Mothers Day began with a simple domestic gesture that caught on. People were encouraged to give a present to their mothers to acknowledge their love and their service to their family. As is the case with similar celebrations it could easily be corrupted by commercial interests that focused on selling gifts and often offered a saccharine view of motherhood.

It was a day when people could feel sentimental about their mothers without asking themselves whether what they expected of them was reasonable and how they themselves might share some of their mother’s burdens. The Mother’s Day present could become a cheap discharge of a heavy debt.

The last years of Covid pushes us to think more seriously about our relationships, including the part of mothers in families. The media have been full of images of mothers left to cope with difficult situations both for themselves and for their families. We have seen the long lines of women and children seeking safety outside of Ukraine. These mothers must feed and raise their children while dealing with their own anxieties and grief for their land, for the men whom they have left behind and for their future.

We have also seen the images of mothers surveying their flooded homes in Queensland and New South Wales, facing the task of again making a home for their family. During the time of coronavirus, too, many of the health workers were mothers who had to cope with the loss of paid work and the threat of homelessness in addition to the other trials in an already precarious life.

For many mothers, the burden of unfair workload can easily become too much to cope with

In all these situations, however, the dominant images have not been of hopelessness but of great resilience, of people finding the necessary inner resources in times of anxiety and threat.
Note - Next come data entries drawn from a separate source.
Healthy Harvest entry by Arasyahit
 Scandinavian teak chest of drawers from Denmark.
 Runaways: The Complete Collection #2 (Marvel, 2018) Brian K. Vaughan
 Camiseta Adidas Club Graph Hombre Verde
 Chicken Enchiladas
They look to the future and not to the past.

The images of heroic mothers, like the images of women in responsible positions in employment and in public life, are a gift to our society. For those of us who are not mothers, however, they can prove sentimental and self-serving. They can distract us from the unacceptability of the burden we ask mothers to carry and offer us an excuse us or not asking what kind of society we want to build and what sacrifices that will ask of us.

Mothers Day reminds us of the importance for any society of mothering – of giving priority and time to raising children and making a home in which all are valued and all are listened to compassionately. In modern societies in which mothers are also engaged in demanding work the gifts and the time involved in these forms of nurturing cannot be left to women who have borne children but must be encouraged and developed in men, women and children.

Mothering also crosses generations. Grandmothers are an integral part of the life of most families. They are honoured not simply because of their past role as mothers but for the way in which they continue to nurture people in the present.

If mothering is necessary in society, too, we must look at how we support mothers. Many women in the most important work for society such as working in nursing homes are kept in precarious and poorly remunerated work. Our society can be better than that in its treatment of all women including mothers.